At the line containing "Casa Familiar Pellaifa", begin an exact copy, and continue through the last line of the entries below. Leave out any pictures.

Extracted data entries
++++
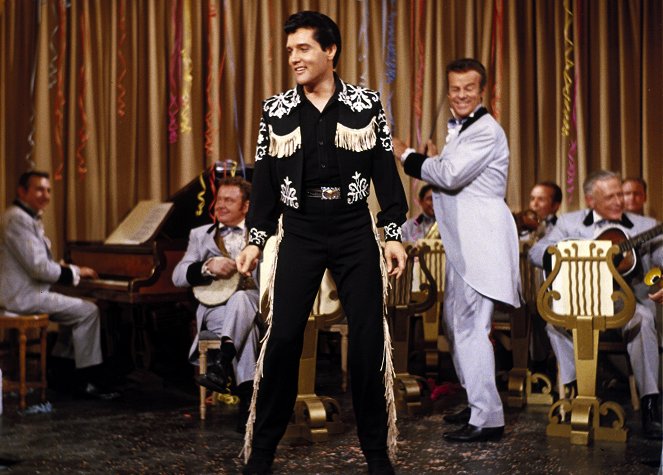 Frankie and Johnny - Film - Elvis Presley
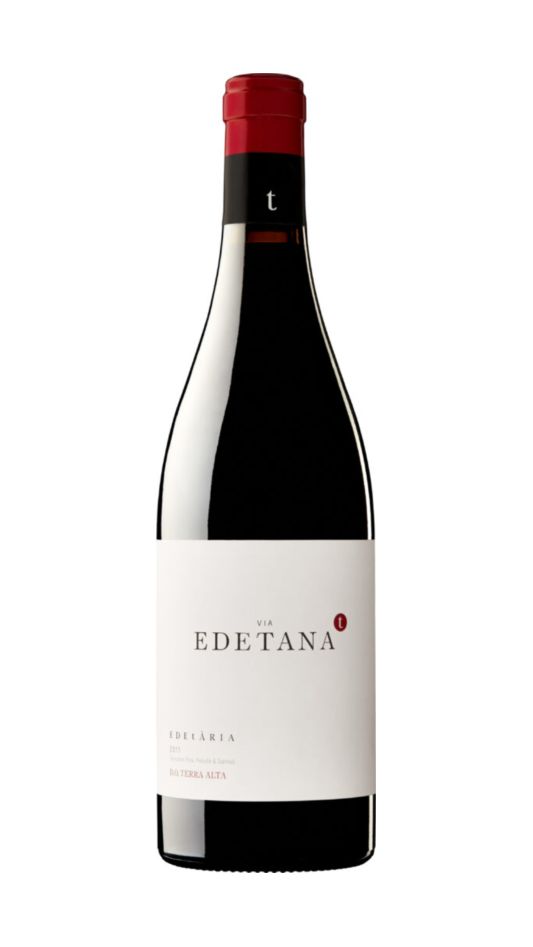 Rött Vin - Edetana Tinto artikel nummer 7490401 från producenten Edetària från området Spanien,Katalonien,Terra Alta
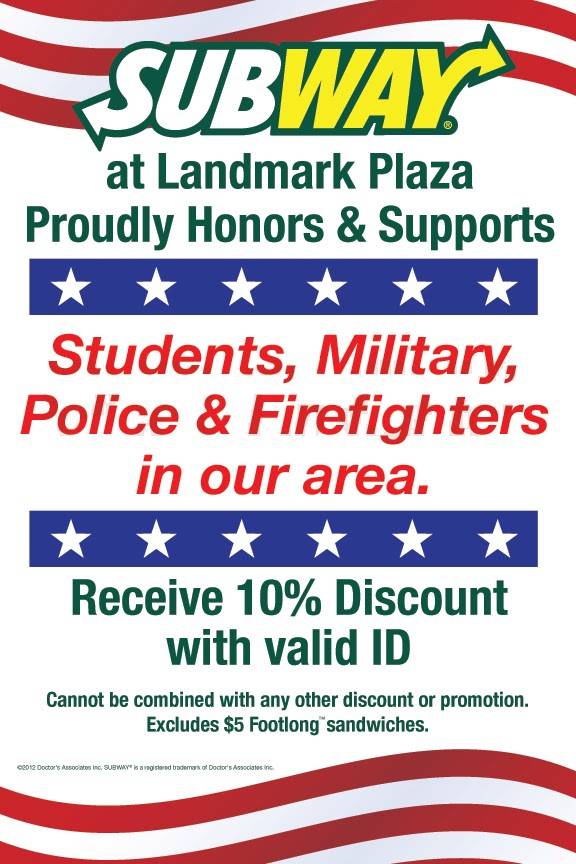 Subway | meal takeaway | 6224 Little River Turnpike, Alexandria, VA 22312, USA | 7039412200 OR +1 703-941-2200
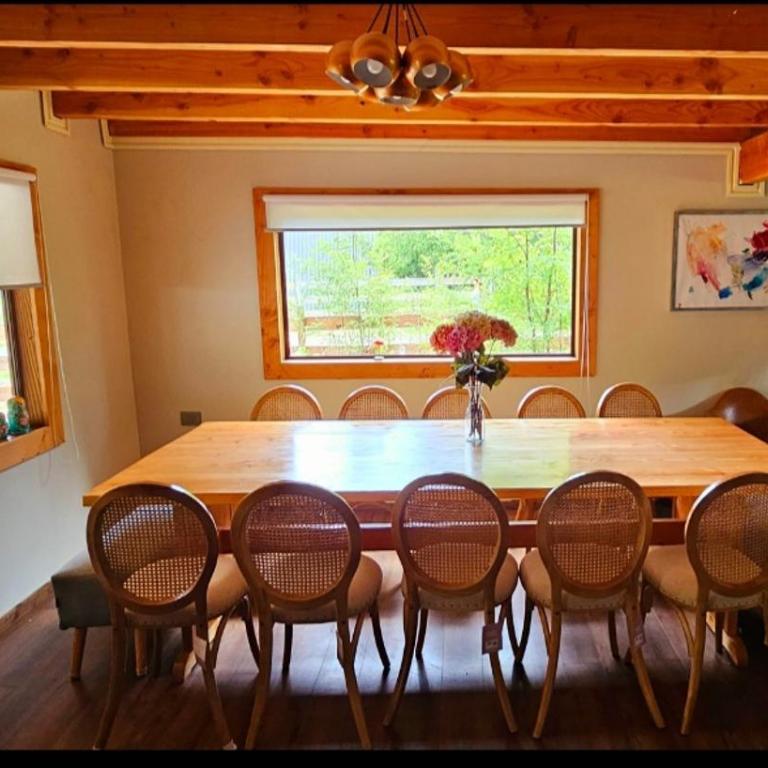 Casa Familiar Pellaifa - Casa de 7 dormitorios - 6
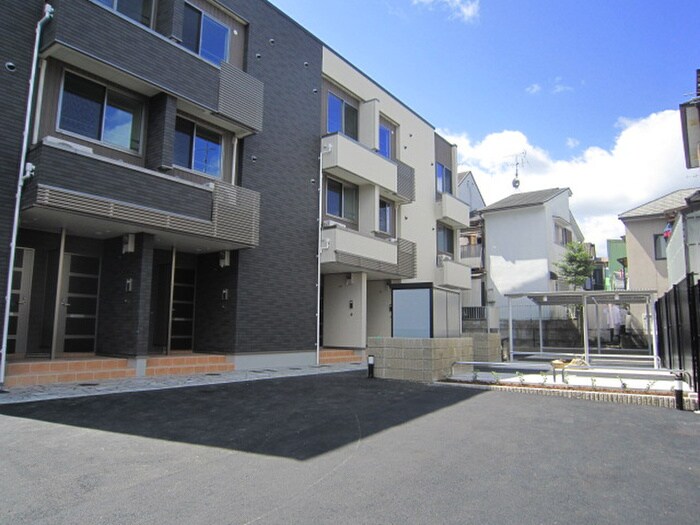 メゾン都Ⅱの物件外観写真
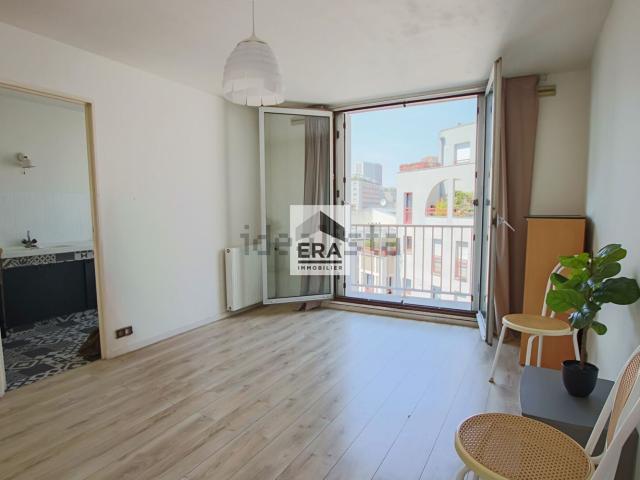 Appartement, Olympiades Choisy, Paris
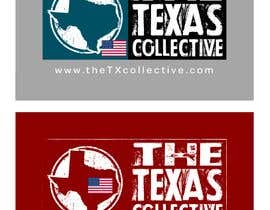 #380 for TXCollective.com logo by alldesign89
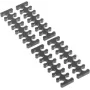 Alphacool 24755 accesorio para carcasa de ordenador set universal de gestión de cables (24755)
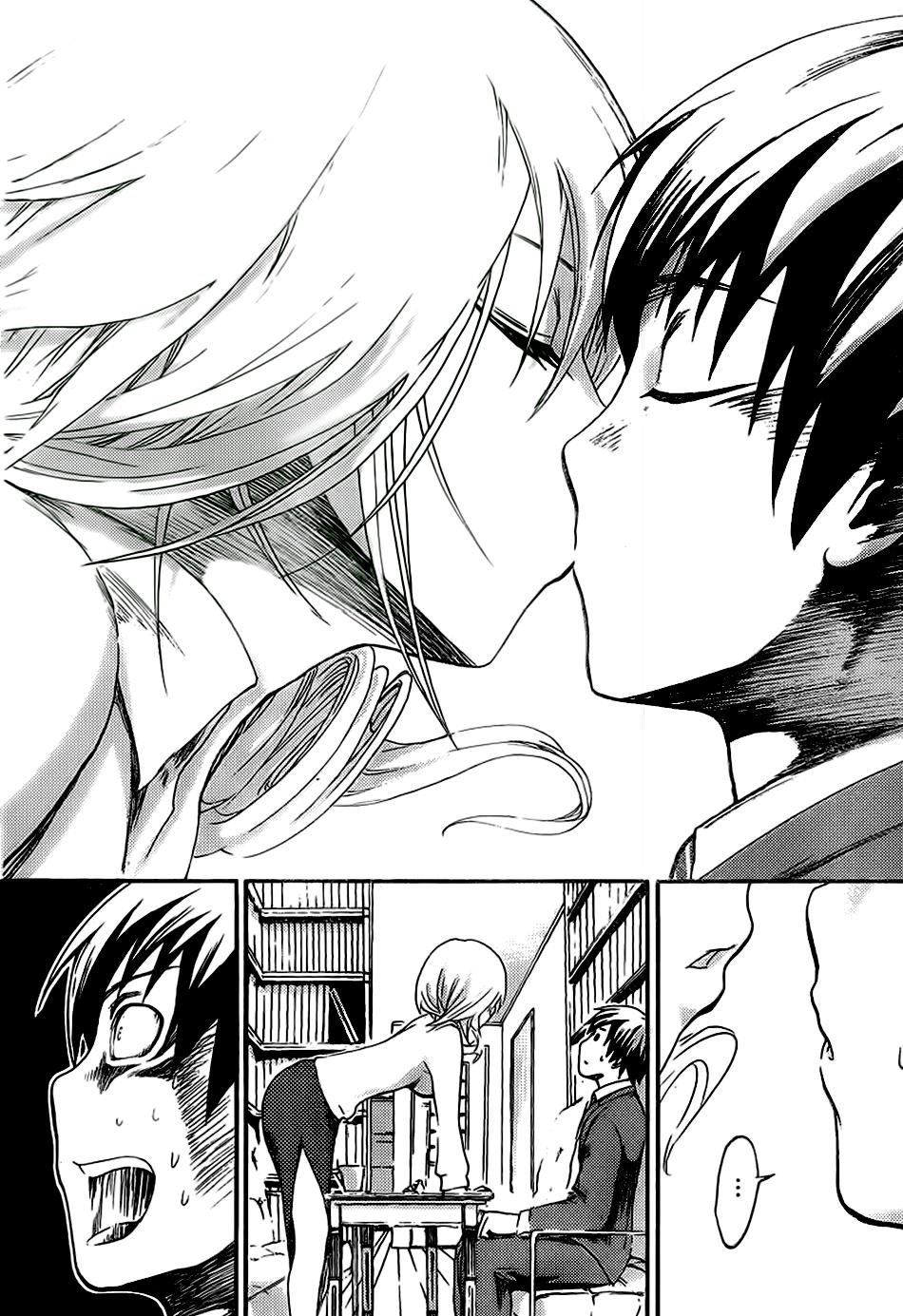 Minamoto-Kun Monogatari Chapter 2 - 5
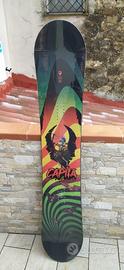 Snowboard capita scott stevens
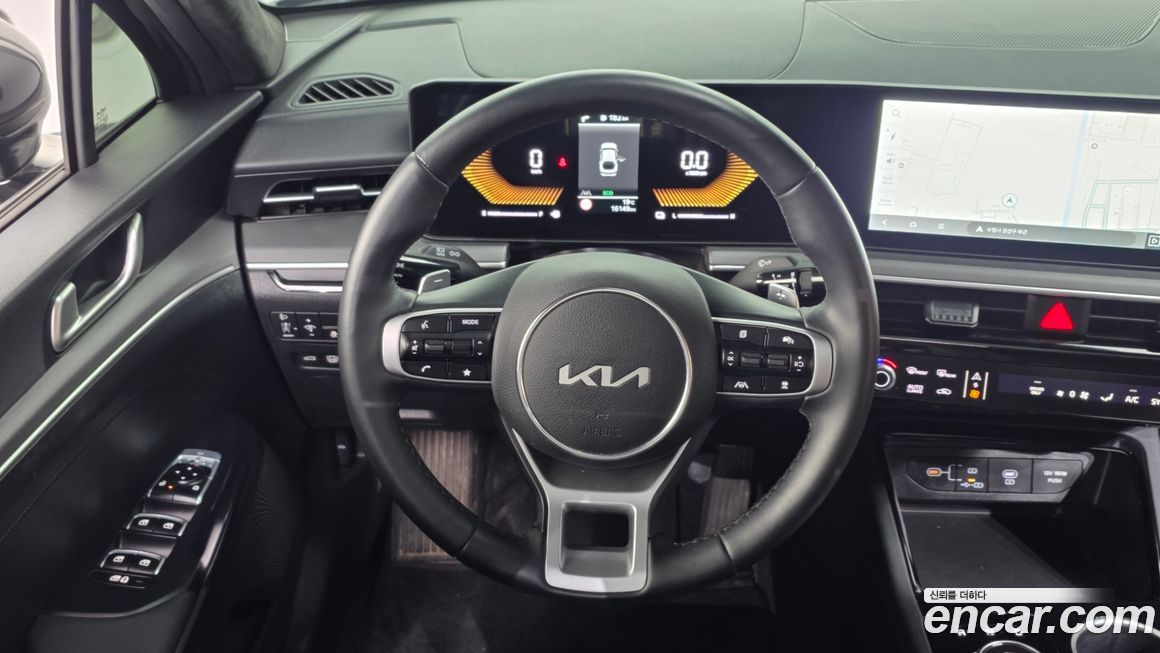 Kia K5 2026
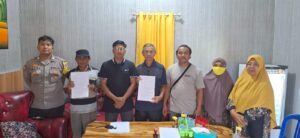 Bhabinkamtibmas Sekongkang Atas Berhasil Mediasi Kasus Dugaan Penipuan Rp273 Juta, Warga Sepakat Damai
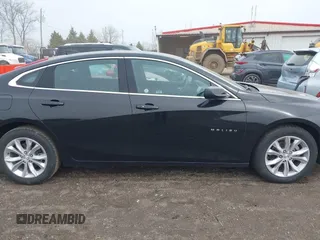 2024 Chevrolet Malibu LT with VIN 1G1ZD5ST3RF193179, listed as a IAAI auction lot 41832808 with 4,159 mi miles and . Bid and sale history available at DreamBid. Image 13.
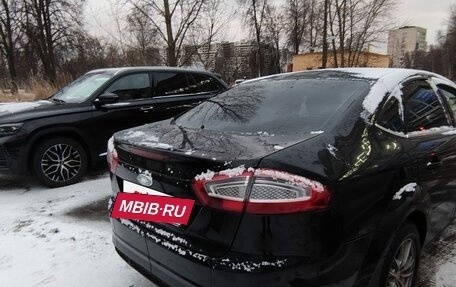 Ford Mondeo IV, 2011 год, 710 000 рублей, 14 фотография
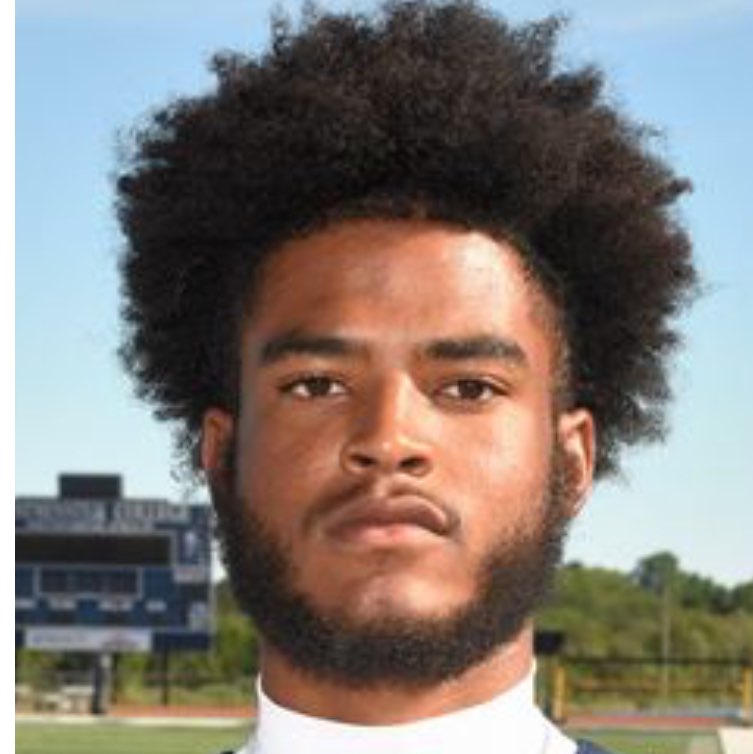 Lawrence Grayson athlete profile head shot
++++
(ANSWER BOX):
 Casa Familiar Pellaifa - Casa de 7 dormitorios - 6
 メゾン都Ⅱの物件外観写真
 Appartement, Olympiades Choisy, Paris
 #380 for TXCollective.com logo by alldesign89
 Alphacool 24755 accesorio para carcasa de ordenador set universal de gestión de cables (24755)
 Minamoto-Kun Monogatari Chapter 2 - 5
 Snowboard capita scott stevens
 Kia K5 2026
 Bhabinkamtibmas Sekongkang Atas Berhasil Mediasi Kasus Dugaan Penipuan Rp273 Juta, Warga Sepakat Damai
 2024 Chevrolet Malibu LT with VIN 1G1ZD5ST3RF193179, listed as a IAAI auction lot 41832808 with 4,159 mi miles and . Bid and sale history available at DreamBid. Image 13.
 Ford Mondeo IV, 2011 год, 710 000 рублей, 14 фотография
 Lawrence Grayson athlete profile head shot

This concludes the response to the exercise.